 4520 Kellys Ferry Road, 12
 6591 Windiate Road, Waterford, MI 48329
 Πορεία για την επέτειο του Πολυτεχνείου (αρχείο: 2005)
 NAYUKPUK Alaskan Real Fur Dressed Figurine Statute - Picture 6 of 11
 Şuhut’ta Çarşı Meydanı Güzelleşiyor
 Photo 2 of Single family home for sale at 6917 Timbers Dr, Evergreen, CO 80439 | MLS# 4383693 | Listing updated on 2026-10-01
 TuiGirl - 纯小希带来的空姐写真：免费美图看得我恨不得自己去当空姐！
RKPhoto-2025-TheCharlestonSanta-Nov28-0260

---

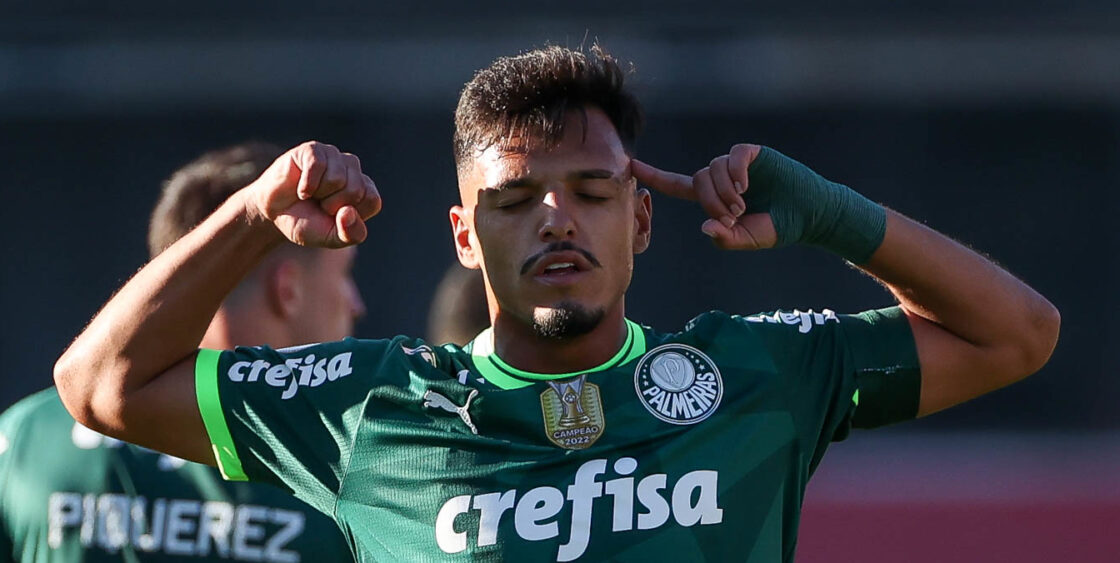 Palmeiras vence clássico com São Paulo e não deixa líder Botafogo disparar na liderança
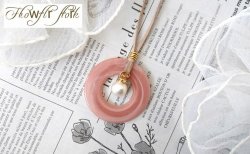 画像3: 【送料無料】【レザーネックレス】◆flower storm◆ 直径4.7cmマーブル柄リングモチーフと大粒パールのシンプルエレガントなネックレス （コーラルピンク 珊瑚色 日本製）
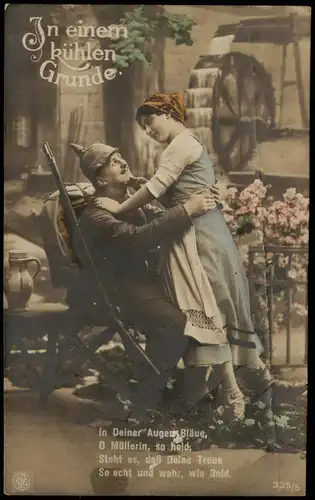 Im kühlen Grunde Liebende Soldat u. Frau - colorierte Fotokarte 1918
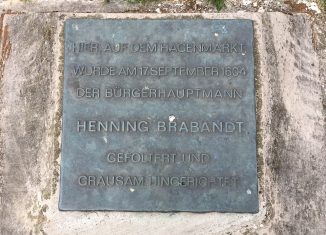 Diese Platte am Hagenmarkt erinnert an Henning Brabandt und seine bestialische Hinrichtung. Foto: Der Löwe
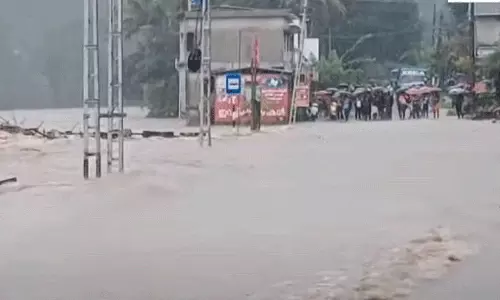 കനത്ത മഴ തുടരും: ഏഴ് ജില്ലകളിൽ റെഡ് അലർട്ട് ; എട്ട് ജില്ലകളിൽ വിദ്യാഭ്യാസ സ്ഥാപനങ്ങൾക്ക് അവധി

...

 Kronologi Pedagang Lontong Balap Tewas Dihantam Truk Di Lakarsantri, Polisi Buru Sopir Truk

-- DESCRIPTION OF THE TASK --
Send back exactly the lines of the listing above starting at the one with "Şuhut’ta Çarşı Meydanı Güzelleşiyor" and ending at the one with "RKPhoto-2025-TheCharlestonSanta-Nov28-0260", inclusive, and no others.

-- ANSWER BOX --
 Şuhut’ta Çarşı Meydanı Güzelleşiyor
 Photo 2 of Single family home for sale at 6917 Timbers Dr, Evergreen, CO 80439 | MLS# 4383693 | Listing updated on 2026-10-01
 TuiGirl - 纯小希带来的空姐写真：免费美图看得我恨不得自己去当空姐！
RKPhoto-2025-TheCharlestonSanta-Nov28-0260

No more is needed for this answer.